Exercise description: Output, exactly as written, the lines below starting at the line containing "WONDER BAGGAGE ブリーフケース" and ending at the line containing "Affordable Apple Service". Drop the pictures and keep both end lines.

Study material:
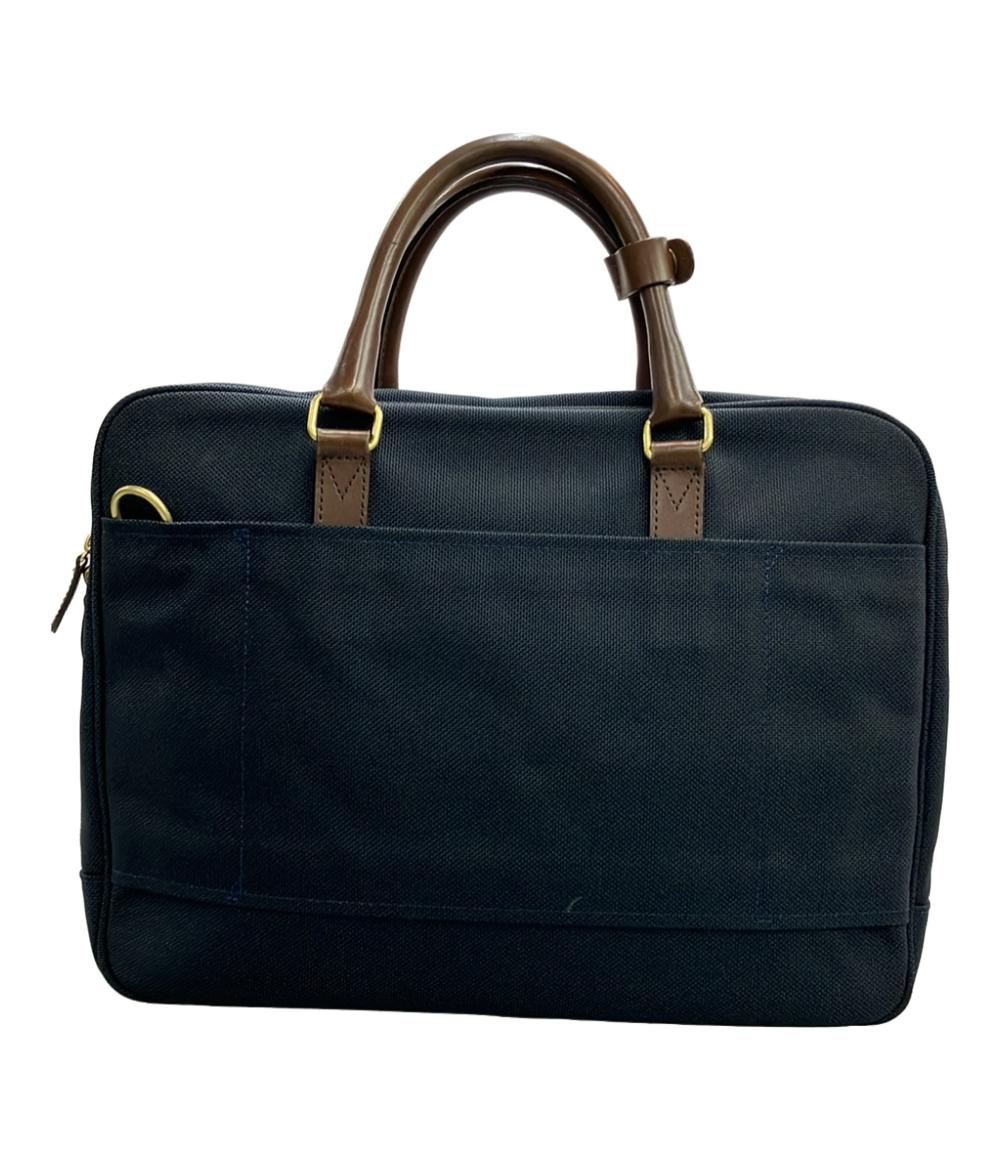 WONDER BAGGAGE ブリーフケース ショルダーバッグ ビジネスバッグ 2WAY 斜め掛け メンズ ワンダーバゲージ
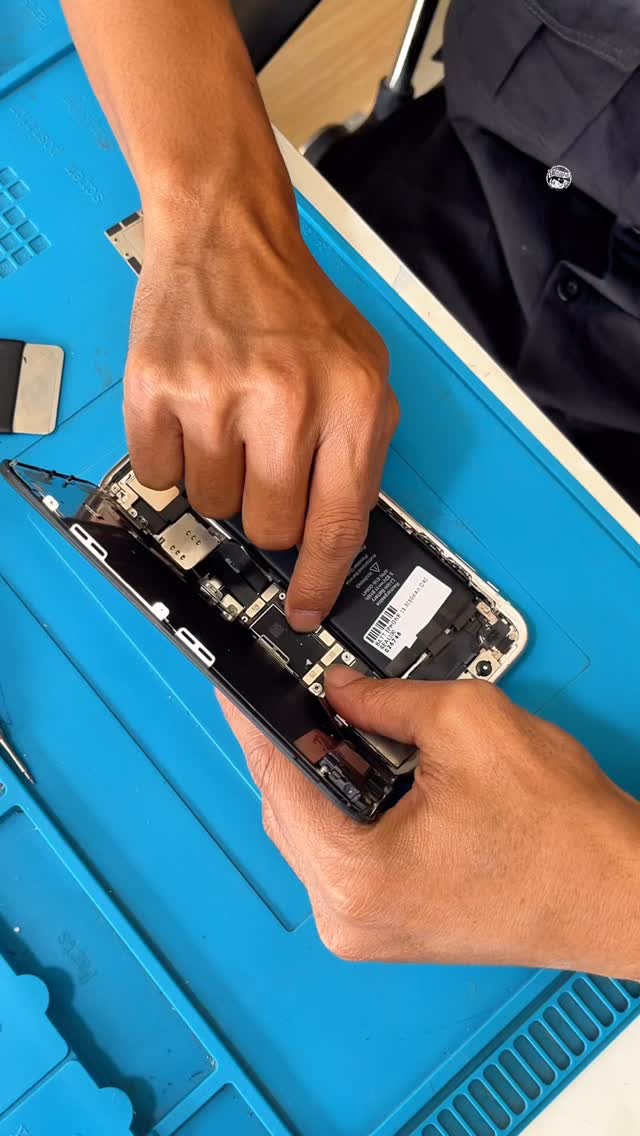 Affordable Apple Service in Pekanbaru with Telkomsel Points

...

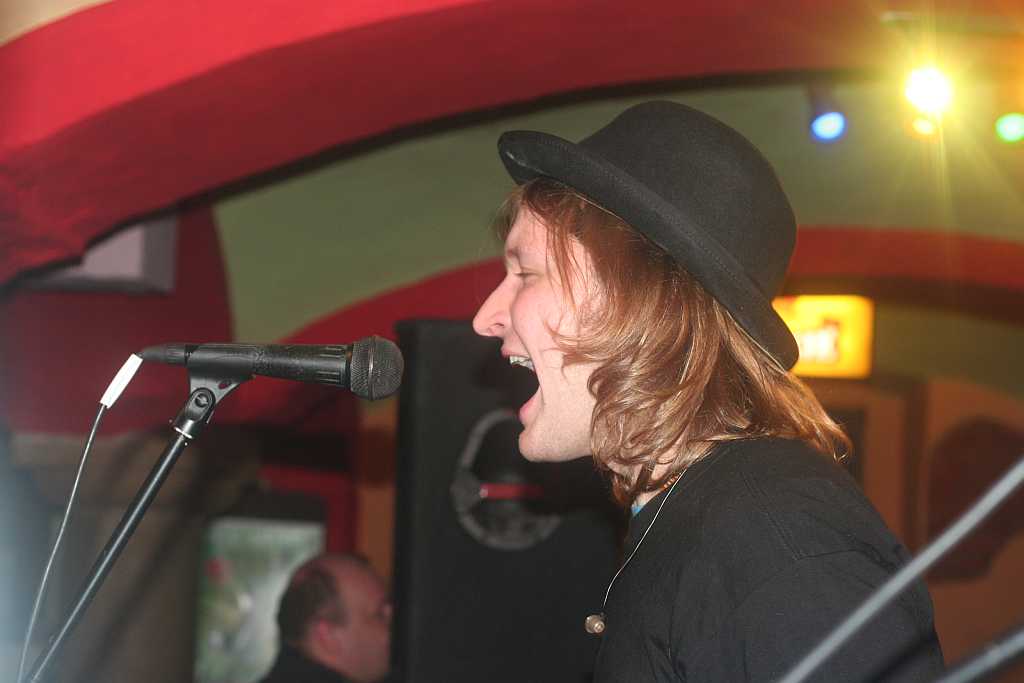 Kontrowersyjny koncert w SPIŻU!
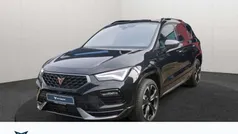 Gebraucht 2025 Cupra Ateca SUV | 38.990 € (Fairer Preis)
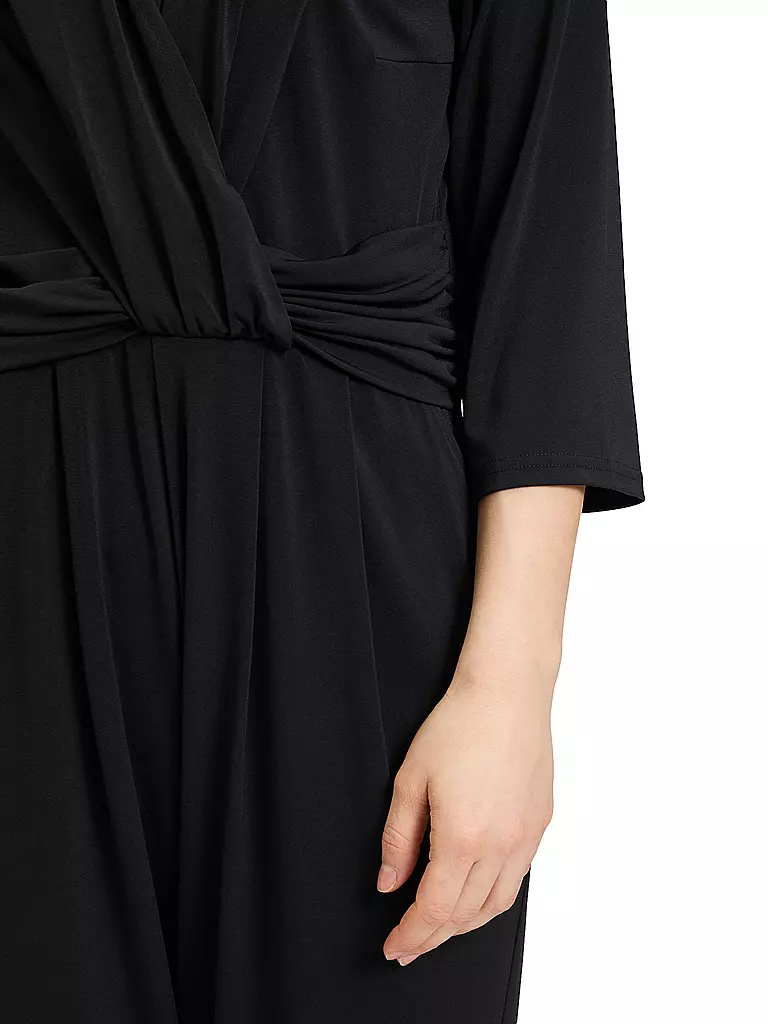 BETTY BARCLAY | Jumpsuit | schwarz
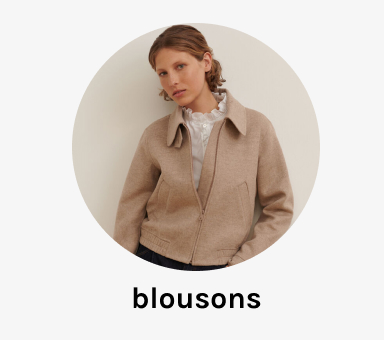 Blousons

Response for this exercise:
 WONDER BAGGAGE ブリーフケース ショルダーバッグ ビジネスバッグ 2WAY 斜め掛け メンズ ワンダーバゲージ
 Affordable Apple Service in Pekanbaru with Telkomsel Points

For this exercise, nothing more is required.